[[ Provided records, beginning ]]
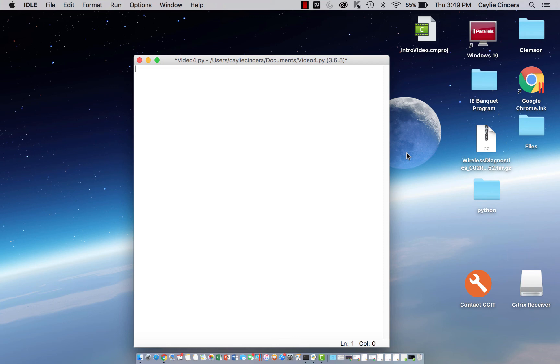Go ahead and look at my first video if you haven't already because I talk about how to download a package installer on a Mac and also how to install Python packages such as NumPy. I will go over that really quickly again since this video is about NumPy.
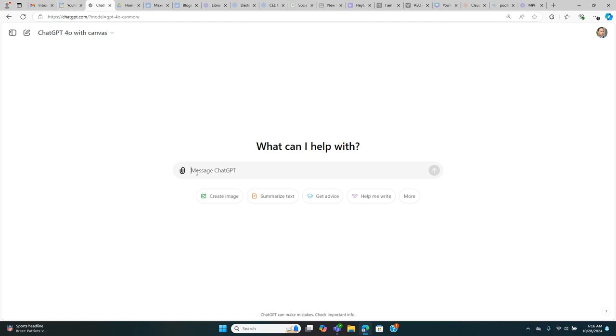ChatGPT 4.0 with Canvas, this is the first time where I feel that I'm truly working with an AI assistant on my documents. Let me show you how it works.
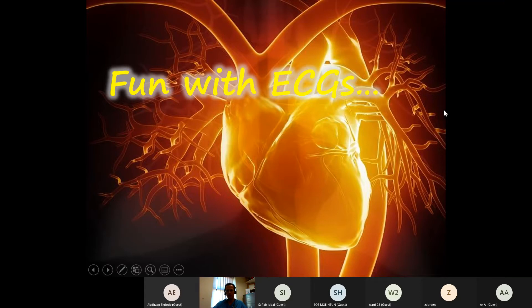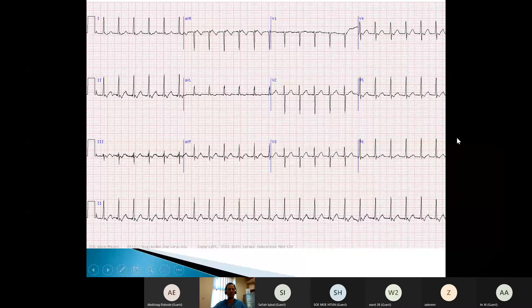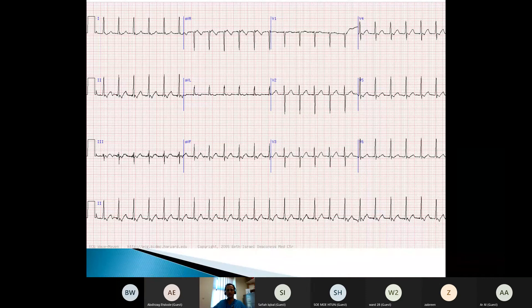So the ECG for today is this one. Does anybody want to have a look at this ECG and tell me what they make of it? So what do you think of this ECG?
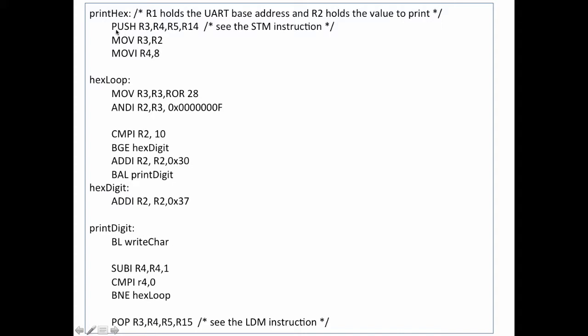I used what I call the PUSH instruction, but if you look up the STM instruction in your assembly reference manual or your machine reference manual for the ARM, you'll see what I used to do this. Basically this takes R3, R4, R5, and R14 and puts them all on the stack. And then I move the value in register 2 into register 3 because I'm going to use the write character method that we've had in the previous video, and that requires that the character I'm writing be in register 2. So I'm going to use register 3 to manipulate the value. And then I move an 8 into register 4. 8 is the number of nibbles that I want to print out, and so register 4 becomes my loop counter.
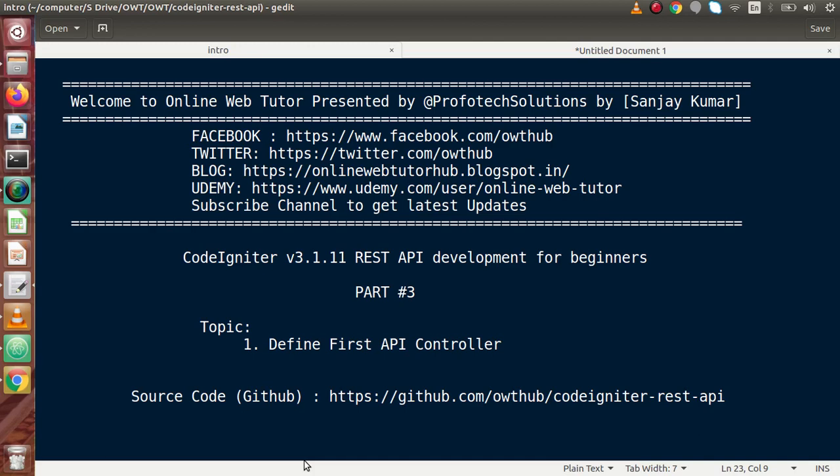Hello guys, welcome to Online Web Tutor presented by Profodex Relations team. I am Sanjay. We are learning CodeIgniter version 3 REST API Development. This is our part 3.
[[ Provided records, end ]]
Leave out the pictures, and write out all the remaining data above exactly.

__Problem solution__
Go ahead and look at my first video if you haven't already because I talk about how to download a package installer on a Mac and also how to install Python packages such as NumPy. I will go over that really quickly again since this video is about NumPy.
ChatGPT 4.0 with Canvas, this is the first time where I feel that I'm truly working with an AI assistant on my documents. Let me show you how it works.
So the ECG for today is this one. Does anybody want to have a look at this ECG and tell me what they make of it? So what do you think of this ECG?
I used what I call the PUSH instruction, but if you look up the STM instruction in your assembly reference manual or your machine reference manual for the ARM, you'll see what I used to do this. Basically this takes R3, R4, R5, and R14 and puts them all on the stack. And then I move the value in register 2 into register 3 because I'm going to use the write character method that we've had in the previous video, and that requires that the character I'm writing be in register 2. So I'm going to use register 3 to manipulate the value. And then I move an 8 into register 4. 8 is the number of nibbles that I want to print out, and so register 4 becomes my loop counter.
Hello guys, welcome to Online Web Tutor presented by Profodex Relations team. I am Sanjay. We are learning CodeIgniter version 3 REST API Development. This is our part 3.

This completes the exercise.